All this comes after a solid year of media whining about Trump’s criticism of their biased and dishonest coverage of his presidency. The general idea, in the words of one Times op-ed writer, is that “the unrelenting attacks on the news media damage American democracy.”
But is it Trump who is doing the damage? After all, those of us who still go to the movies have just sat through Steven Spielberg’s The Post, a two-hour left-wing talking point about how brave The Washington Post was when it defied President Nixon’s concerns over national security in order to expose government malfeasance by publishing the Pentagon Papers. Yet now—even before the FISA memo was published—news outlets, including both CBS and NBC, were highlighting and giving credence to dire warnings that the FISA memo would damage national security and, channeling The Onion again, undermine trust in unchecked law enforcement. After decades of listening to leftists screech about J. Edgar Hoover’s unjustified wiretapping, we are suddenly told to believe that a little unjustified FBI wiretapping now and again is a “nothingburger.”
In short, a press that should on principle raven for every piece of information that might be damning to the powerful of every stripe—a press that has shown itself willing to publish anonymous anti-Trump leaks that sometimes turned out to be false—has made it clear that they do not want you to know what they do not want to know themselves.
The truth is both the memo itself and the press’s unforgivable lack of curiosity and outrage about the memo are part of a much bigger scandal that has gone further to damage our republic than anything Trump has done or said. The memo represents just one more jigsaw piece in a picture of the Obama administration as a Chicago-style Democratic machine rife with cronyism and abuse of power, a machine to which the media closed its eyes.
We know this. It’s not conjecture. We know that Obama’s IRS made successful efforts to silence conservative voices during the president’s reelection campaign. After a settlement agreement in Z Street’s lawsuit against them, we know that the IRS also targeted Jewish groups that supported Israel. We know that Obama appointed one attorney general who styled himself the president’s “wing-man . . . there with my boy” (imagine Jeff Sessions saying that), and another who held a secret meeting with Bill Clinton while Hillary Clinton was under investigation. And now we begin to learn that the Obama Justice Department may have colluded with a Democrat’s campaign to spy on a Republican’s. Obama misled us about much of this and more: about the IRS; about when he himself gained knowledge of Hillary’s secret email server, a server he used under a pseudonym; about his secret dealings with Iran; and about the effects of his signature health-care bill.
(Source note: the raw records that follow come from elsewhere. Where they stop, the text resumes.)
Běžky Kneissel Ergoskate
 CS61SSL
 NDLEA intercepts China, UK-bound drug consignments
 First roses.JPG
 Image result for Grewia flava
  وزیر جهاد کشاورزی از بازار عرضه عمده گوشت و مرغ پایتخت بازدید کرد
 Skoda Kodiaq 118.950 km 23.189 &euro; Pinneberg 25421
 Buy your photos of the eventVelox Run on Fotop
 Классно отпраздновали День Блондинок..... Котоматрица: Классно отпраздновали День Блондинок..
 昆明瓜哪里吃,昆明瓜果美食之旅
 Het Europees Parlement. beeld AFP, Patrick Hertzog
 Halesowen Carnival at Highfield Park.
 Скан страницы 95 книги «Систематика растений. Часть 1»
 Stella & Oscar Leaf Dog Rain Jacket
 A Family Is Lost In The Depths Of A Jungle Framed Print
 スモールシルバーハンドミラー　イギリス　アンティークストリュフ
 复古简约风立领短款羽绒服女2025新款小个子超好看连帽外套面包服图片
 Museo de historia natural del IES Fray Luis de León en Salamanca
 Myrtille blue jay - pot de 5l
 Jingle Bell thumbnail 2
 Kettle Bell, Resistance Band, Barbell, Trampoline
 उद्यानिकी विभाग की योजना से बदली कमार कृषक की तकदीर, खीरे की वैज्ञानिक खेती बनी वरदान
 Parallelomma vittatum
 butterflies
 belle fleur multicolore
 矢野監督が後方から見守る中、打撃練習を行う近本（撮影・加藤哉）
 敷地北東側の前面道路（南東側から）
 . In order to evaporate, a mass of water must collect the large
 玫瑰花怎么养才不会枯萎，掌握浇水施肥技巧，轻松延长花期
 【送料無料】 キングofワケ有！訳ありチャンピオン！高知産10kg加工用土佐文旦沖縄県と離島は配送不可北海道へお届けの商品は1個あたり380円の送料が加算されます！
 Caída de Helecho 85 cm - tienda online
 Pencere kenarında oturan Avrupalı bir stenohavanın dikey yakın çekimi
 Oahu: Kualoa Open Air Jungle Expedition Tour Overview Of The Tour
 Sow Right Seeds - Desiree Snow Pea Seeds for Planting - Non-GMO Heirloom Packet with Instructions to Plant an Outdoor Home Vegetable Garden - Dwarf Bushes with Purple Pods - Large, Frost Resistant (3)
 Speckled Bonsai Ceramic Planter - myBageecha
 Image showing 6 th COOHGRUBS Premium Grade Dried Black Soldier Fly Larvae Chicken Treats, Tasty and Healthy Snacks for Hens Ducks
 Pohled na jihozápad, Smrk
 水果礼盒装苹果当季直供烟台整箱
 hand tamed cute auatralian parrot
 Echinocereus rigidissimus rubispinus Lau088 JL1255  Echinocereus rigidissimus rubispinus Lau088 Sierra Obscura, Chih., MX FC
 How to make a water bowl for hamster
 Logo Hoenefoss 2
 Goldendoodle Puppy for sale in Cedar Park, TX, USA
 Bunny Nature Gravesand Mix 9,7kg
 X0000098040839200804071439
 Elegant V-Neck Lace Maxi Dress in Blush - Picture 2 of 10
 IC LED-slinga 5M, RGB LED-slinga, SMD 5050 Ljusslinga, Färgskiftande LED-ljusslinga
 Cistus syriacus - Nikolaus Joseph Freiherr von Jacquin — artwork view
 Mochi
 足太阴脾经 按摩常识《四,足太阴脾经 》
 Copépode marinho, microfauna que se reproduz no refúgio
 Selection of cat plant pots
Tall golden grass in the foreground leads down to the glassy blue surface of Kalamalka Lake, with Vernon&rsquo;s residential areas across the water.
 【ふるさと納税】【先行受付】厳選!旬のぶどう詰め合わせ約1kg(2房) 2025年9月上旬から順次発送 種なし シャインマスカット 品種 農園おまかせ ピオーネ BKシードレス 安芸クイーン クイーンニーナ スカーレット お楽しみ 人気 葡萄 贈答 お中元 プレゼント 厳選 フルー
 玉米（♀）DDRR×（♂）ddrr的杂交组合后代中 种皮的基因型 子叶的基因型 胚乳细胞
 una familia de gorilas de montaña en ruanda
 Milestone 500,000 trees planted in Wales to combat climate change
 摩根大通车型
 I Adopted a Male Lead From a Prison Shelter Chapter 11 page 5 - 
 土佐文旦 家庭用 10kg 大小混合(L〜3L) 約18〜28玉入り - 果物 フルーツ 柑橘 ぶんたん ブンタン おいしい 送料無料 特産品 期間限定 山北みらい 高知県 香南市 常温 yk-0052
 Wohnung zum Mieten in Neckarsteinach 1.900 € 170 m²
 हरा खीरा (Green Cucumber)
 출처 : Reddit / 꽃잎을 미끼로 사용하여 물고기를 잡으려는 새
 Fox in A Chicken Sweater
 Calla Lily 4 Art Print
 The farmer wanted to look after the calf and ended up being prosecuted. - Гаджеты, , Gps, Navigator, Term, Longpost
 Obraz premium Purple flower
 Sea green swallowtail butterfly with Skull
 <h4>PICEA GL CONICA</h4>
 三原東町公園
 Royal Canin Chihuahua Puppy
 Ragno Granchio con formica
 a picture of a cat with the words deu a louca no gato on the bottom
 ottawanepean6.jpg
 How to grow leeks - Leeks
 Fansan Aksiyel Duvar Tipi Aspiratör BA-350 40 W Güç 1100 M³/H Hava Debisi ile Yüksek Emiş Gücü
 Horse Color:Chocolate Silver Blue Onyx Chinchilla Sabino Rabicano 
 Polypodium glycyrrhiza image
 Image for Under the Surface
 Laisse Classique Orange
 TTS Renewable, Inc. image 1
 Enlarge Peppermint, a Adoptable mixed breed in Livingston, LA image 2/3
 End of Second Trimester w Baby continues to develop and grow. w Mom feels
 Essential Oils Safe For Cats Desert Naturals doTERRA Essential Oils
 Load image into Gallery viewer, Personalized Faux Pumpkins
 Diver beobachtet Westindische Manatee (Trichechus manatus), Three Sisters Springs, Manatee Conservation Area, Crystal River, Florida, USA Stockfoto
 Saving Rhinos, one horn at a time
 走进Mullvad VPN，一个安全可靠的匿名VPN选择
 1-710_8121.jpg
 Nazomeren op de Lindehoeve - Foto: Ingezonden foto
All this—really a steady stream of deceptions and abuses of power—while journalists kowtowed to, flattered, and ultimately raved about the administration being “scandal-free.” The press sacrificed its credibility with eight years of willful blindness. Those who asked with the ancient Roman poet Juvenal, “Who will guard the guardians?” were answered by the self-styled heroes of journalistic truth-telling: “Not us.”
That’s the real scandal here, and it’s beginning to come out.